De manière synthétique, le décret flamand prévoit les principes suivants :

  • La possibilité légale de conclure un bail commercial à court terme, c’est-à-dire un bail commercial pour moins d’un an.
  • Le contrat de bail doit être établi par écrit.
  • Le bail commercial se termine de plein droit à la date d’échéance finale.
  • Les parties peuvent prolonger une ou plusieurs fois, de commun accord, le bail commercial à court terme aux mêmes conditions, pour autant que la durée totale de la période ne dépasse pas un an.
  • Le locataire peut à tout moment terminer anticipativement le bail commercial à court terme moyennant un préavis d’un mois par lettre recommandée.
  • Le locataire et le bailleur peuvent à tout moment terminer anticipativement et de commun accord le bail commercial à court terme en cours.
  • Le locataire et le bailleur peuvent également terminer anticipativement le bail commercial à court terme afin de le remplacer par un bail commercial ordinaire en application de la loi sur les baux commerciaux.
  • Sauf interdiction expresse écrite dans le bail, le locataire peut effectuer toutes les transformations au bien immobilier afin de l’adapter à son entreprise pour autant que les frais ne dépassent pas un an de location.
  • La cession du bail et la sous-location sont interdites.
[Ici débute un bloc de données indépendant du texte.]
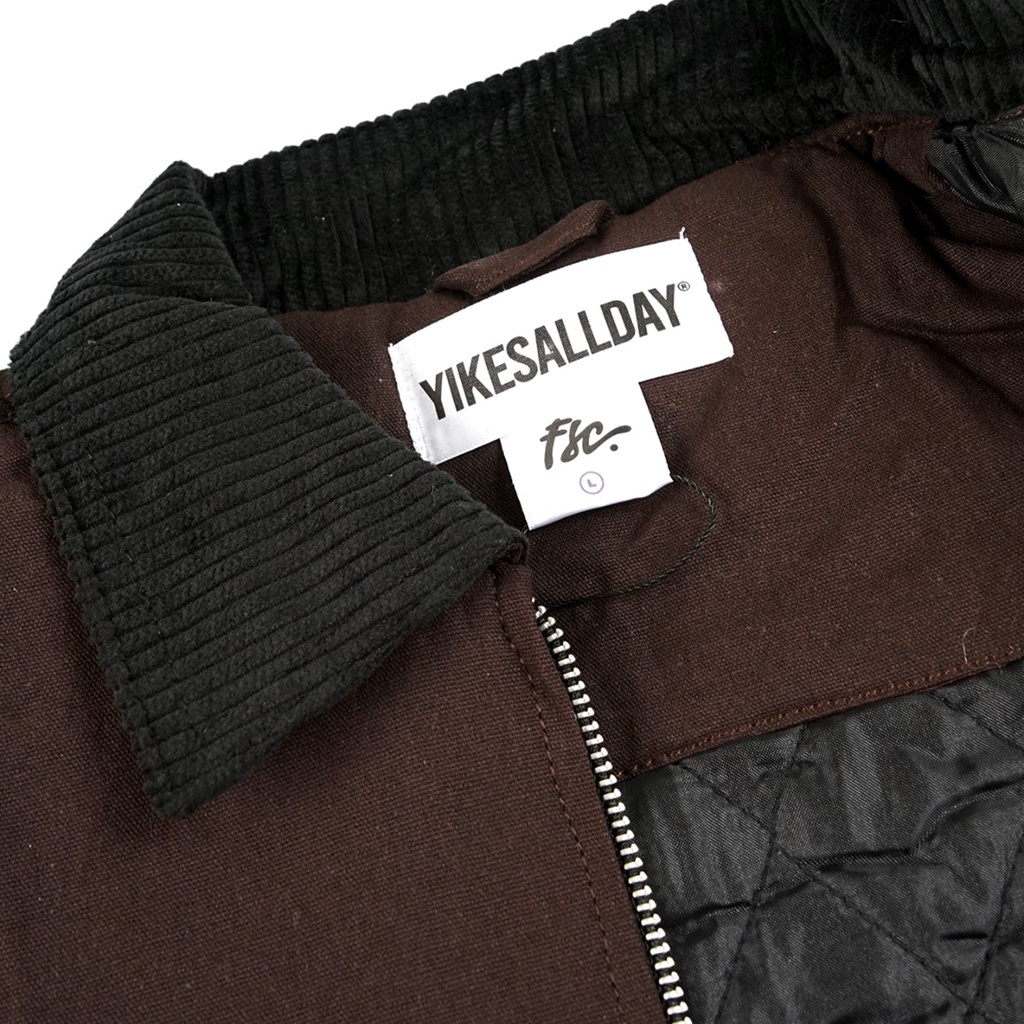 WORK JACKET | VERMOON | BROWN | YIKESALLDAY X FILLINGSTREET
La situation à Bruxelles et en Wallonie

Aucune règlementation similaire n’a été à ce jour adoptée en Région Wallonne et en Région de Bruxelles-Capitale.
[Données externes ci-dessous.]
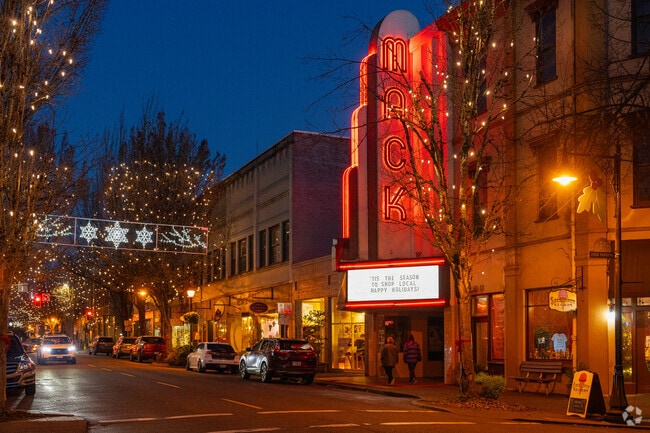 Historic 3rd street lights up for the winter Holidays.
Un projet de cadre juridique est annoncé depuis plusieurs mois en Région Wallonne et a fait l’objet d’un accord de gouvernement en mars 2017, mais il faudra être attentif aux intentions de la nouvelle majorité par rapport aux projets annoncés par le précédent gouvernement.

Pour ce qui concerne Bruxelles, l’essor des magasins éphémères est évidemment au centre de l’attention dans la capitale, qui concentre un nombre important de quartiers et centres commerciaux. La région connaît de plus un taux de 12,65% de cellules commerciales inoccupées,  pour lesquels le concept de pop-up store constituerait une excellente solution temporaire.

Trois députés bruxellois viennent à cet égard de cosigner une proposition d’ordonnance visant à proposer une règlementation des baux commerciaux de courte durée, proche de celle existante en Région Flamande.

Les partis de la majorité ne s’étant pas encore concrètement prononcés, il s’agira d’une affaire à suivre dans les prochains mois.